Example — ❌ wrong: C:\Users\johndoe\AppData\Local\Temp\sq-e2e-pr1035\evidence
Example — ✅ right: ~/AppData/Local/Temp/sq-e2e-pr1035/evidence
Example — ❌ wrong: ~\..\..\repos\squad\.e2e\pr-1035\evidence
Example — ✅ right: <repo-root>\.e2e\pr-1035\evidence
This applies to all evidence tables, verdict files, and PR comments.
Anti-Patterns
- Skipping the local build. If you test with the published CLI, you're testing the old templates, not your changes.
- Posting absolute paths in PR comments. Always scrub to
~-relative paths before sharing. See PII Protection above. - Marking scenarios SKIPPED due to environment issues. Fix the environment (use fast-fail rules above) or report BUILD_FAILED — never silently skip.
- Testing only the happy path. Template changes often break edge cases (empty repos, monorepos, cross-branch). Test at least 2-3 scenarios.
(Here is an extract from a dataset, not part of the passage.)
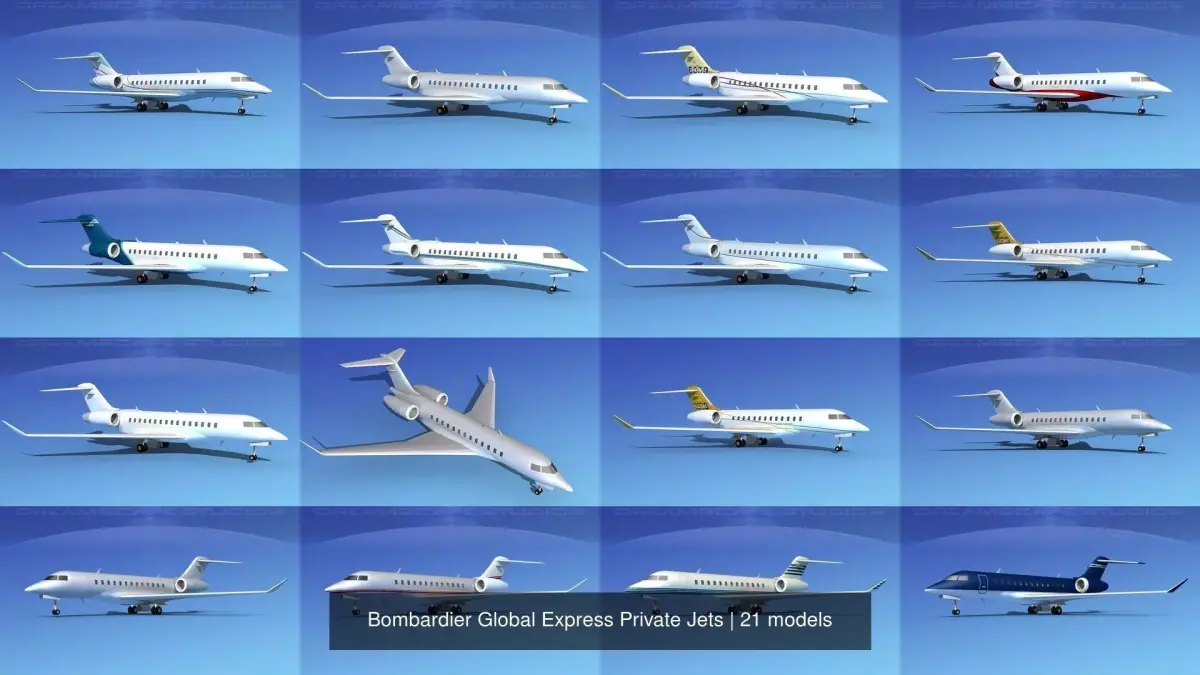 21 Bombardier Global Express Private Jets 3D Model Collection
- Trusting session output alone. Always verify git state independently — agents can claim they wrote something without actually doing it.
- Reusing test repos. Prior state bleeds into later tests. Start fresh.
- Batching all scenario verdicts to the end. The AI model connection drops after ~15 minutes. Always PATCH the comment after each scenario so partial results are never lost. See Progressive Verdicting above.
- Running multiple
copilot --agent squadsessions in one agent. Each session takes 5-15 minutes; combined with build time, you'll hit the ~15-minute connection budget. One copilot session per agent — split into parallel agents if your plan has more.
Sandbox / Permission Notes
Always pass --allow-all-tools in non-interactive mode
The Copilot CLI requires explicit permission to run tools automatically. In
interactive mode the user approves each tool call; in non-interactive mode (-p)
those prompts cannot be displayed and writes fail silently or with a "Permission
denied and could not request permission from user" error.
Fix: always include --allow-all-tools (or --yolo / --allow-all) in Step 4
commands, or export COPILOT_ALLOW_ALL=1 before running E2E sessions.
This also applies when copilot --agent squad is launched as a subprocess from
inside a Copilot CLI background agent (e.g. Sims running via the task tool) —
the flag is still needed.
--allow-all-paths for repos outside the CWD
By default the CLI restricts file access to the current directory tree. If the
coordinator needs to read files from a parent repo while running in a disposable
test repo, add --allow-all-paths:
copilot --agent squad --allow-all-tools --allow-all-paths -p "..."
Or use the combined shorthand: --allow-all / --yolo.
Confidence
high — Validated through 12 real E2E test sessions during state-backend
development (PR #1004). --allow-all-tools requirement confirmed in PR #1035.